Comments are an artifact of Slashdot, to enable geeks to swing their mighty cocks and compare lengths in an expedient fashion while at work. Comments create an information society of wit rather than of content. For example, read Plastic, where the most well-worded rebuttal has the winner regardless of whether or not there are facts behind it. And then we have Kuro5hin, ostensibly a forum for article writers; 90% of the comments there are about the quality of the writing, usually missing the point of the forum altogether. And then we have blogging fucks like myself, who can't write and have nothing to say (like, for example, bitching about comments: no content whatsoever). It's as though in this new era, we have plenty of technology to use to speak our minds, and empty minds filled with usage instructions. And that sounds really witty, so I'm inclined not to believe what I just said.

And then we have LiveJournal. LiveJournal is basically a place where tards can go and spill all their personal information and not be expected to at any point, actually generate content. “Content,” my friends, is a Web Developer word that means, “everything that doesn't have to do with pretty fonts,” or, in English, the part that isn't logic or presentation.
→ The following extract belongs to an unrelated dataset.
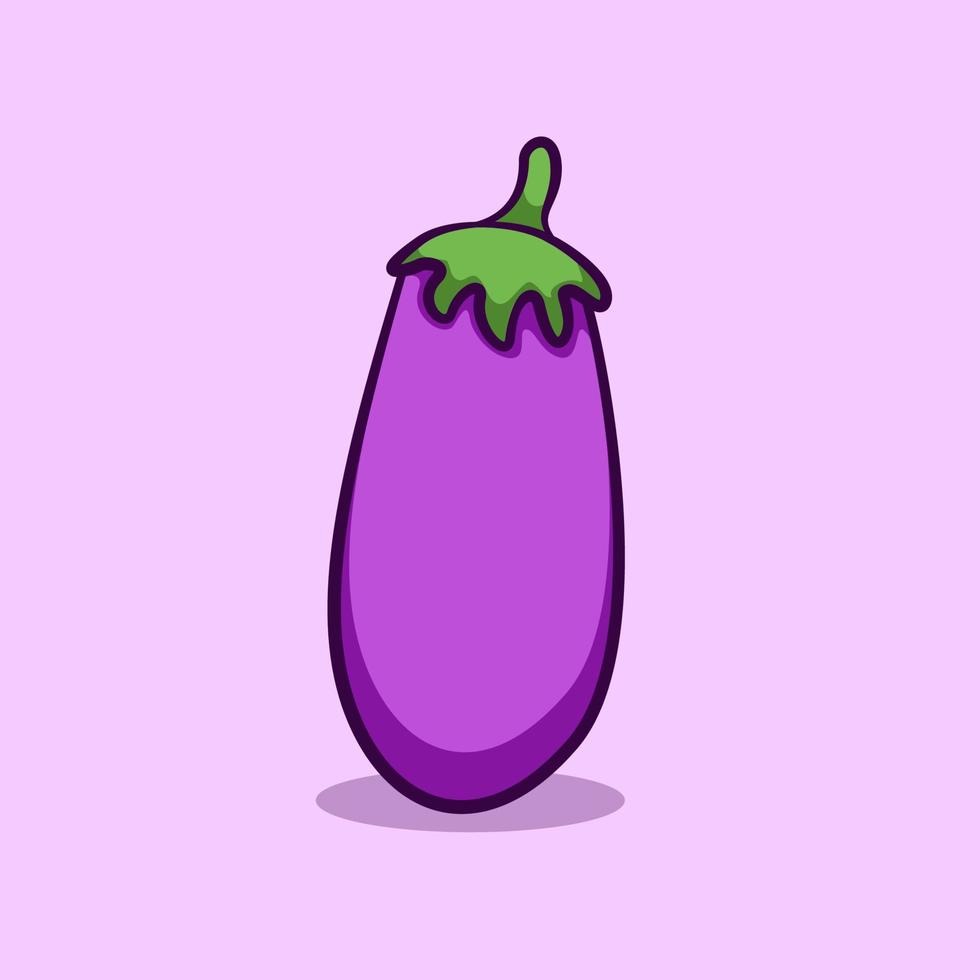 cute eggplant illustration in cartoon style on isolated background vector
The problem with LiveJournal is that it's a dating service, and only the men on LiveJournal seem to understand that. It's a forum for people to get into your life. You put up your interests just like a personals service, and then you rant about your life so that people can “know” you. And every girl who's depressed because she just got dumped has five guys with piercings commenting in her journal, “awww... *huggles*”. “He's not so bad! I like him! heart heart heart” It makes me sick. And then when she rants about her current boyfriend, they still read, thinking, “This is the price I pay for happiness! Oh God, My Heart Yearns Like No Other” while the girls think that nothing has changed and nothing will.

Well, by the Power of Fuck I declare Fuck You on LiveJournal.